▸ TASK DETAILS
In the records that follow, find the line with "米妈|最近超火的网红牛乳,也能在家自己做,食材配方超简"; from there, retype every line exactly through the line with "The Berenstain Bears", which also belongs to the answer.

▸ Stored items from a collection
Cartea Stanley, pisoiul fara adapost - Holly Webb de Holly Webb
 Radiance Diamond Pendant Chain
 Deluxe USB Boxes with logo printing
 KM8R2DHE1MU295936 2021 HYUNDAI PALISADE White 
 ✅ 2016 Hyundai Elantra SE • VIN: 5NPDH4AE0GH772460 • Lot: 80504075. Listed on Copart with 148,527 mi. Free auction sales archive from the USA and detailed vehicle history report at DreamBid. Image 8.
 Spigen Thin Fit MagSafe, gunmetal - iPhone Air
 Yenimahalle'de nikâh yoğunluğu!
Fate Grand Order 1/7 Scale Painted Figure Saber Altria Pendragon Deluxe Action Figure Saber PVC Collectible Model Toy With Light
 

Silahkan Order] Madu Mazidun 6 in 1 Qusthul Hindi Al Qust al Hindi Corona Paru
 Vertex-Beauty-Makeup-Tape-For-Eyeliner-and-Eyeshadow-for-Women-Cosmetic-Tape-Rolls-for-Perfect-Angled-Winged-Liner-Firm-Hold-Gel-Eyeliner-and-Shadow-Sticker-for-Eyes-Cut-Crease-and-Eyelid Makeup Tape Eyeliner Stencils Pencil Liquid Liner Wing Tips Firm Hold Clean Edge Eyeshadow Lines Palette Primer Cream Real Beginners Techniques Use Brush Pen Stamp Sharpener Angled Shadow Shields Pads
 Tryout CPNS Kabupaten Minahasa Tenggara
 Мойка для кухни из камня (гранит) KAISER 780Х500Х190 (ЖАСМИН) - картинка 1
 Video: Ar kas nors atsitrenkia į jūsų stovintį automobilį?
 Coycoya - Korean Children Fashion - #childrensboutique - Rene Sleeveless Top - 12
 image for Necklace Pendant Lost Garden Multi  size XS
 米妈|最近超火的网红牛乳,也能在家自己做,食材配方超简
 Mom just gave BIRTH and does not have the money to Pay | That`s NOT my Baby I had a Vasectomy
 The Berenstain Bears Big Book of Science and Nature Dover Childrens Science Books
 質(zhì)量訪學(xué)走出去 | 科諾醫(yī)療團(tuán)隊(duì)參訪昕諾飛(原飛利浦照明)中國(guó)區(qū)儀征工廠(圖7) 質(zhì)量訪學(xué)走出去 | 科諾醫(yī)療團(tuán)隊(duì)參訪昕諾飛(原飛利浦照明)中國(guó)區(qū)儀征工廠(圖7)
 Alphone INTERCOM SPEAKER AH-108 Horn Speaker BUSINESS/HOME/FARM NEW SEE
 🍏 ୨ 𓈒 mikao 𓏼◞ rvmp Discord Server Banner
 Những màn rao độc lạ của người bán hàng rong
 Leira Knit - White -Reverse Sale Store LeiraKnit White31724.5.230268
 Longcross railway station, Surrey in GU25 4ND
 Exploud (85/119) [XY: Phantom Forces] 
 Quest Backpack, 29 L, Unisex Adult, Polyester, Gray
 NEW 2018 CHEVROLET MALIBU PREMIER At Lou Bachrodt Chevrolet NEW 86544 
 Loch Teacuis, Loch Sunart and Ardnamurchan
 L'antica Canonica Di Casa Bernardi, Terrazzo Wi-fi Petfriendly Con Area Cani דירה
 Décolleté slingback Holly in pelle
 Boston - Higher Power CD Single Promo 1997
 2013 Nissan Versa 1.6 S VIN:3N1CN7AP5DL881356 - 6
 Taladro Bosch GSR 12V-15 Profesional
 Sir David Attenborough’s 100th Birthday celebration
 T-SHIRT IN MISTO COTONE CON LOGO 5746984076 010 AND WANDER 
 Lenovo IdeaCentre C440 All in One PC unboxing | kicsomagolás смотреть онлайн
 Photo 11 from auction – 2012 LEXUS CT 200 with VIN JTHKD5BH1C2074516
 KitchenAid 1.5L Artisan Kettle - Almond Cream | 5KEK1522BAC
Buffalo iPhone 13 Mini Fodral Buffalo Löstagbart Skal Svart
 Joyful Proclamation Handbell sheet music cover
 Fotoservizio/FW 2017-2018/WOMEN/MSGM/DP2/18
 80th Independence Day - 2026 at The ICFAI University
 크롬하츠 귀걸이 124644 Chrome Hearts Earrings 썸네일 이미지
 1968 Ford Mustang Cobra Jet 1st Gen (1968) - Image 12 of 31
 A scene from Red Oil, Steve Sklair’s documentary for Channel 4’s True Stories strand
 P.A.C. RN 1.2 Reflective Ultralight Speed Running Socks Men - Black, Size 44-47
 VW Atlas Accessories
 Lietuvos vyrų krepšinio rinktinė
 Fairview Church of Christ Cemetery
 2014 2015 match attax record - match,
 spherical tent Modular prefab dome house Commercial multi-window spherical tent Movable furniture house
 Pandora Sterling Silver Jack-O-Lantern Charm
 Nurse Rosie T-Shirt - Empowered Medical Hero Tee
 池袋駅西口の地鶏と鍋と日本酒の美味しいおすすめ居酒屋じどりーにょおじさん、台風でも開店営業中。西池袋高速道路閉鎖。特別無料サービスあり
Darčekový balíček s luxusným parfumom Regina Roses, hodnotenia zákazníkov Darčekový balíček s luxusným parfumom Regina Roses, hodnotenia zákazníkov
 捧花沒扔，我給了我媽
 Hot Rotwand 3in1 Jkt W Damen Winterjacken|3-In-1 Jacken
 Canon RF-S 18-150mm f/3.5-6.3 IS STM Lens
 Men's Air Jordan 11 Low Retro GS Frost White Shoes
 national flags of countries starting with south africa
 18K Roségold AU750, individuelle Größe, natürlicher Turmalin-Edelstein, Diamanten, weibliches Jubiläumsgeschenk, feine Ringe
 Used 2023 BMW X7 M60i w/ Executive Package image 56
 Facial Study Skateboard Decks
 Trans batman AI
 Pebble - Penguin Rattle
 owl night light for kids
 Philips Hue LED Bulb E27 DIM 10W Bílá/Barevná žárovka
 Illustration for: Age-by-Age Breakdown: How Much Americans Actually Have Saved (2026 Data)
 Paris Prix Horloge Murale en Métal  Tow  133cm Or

▸ ANSWER
 米妈|最近超火的网红牛乳,也能在家自己做,食材配方超简
 Mom just gave BIRTH and does not have the money to Pay | That`s NOT my Baby I had a Vasectomy
 The Berenstain Bears Big Book of Science and Nature Dover Childrens Science Books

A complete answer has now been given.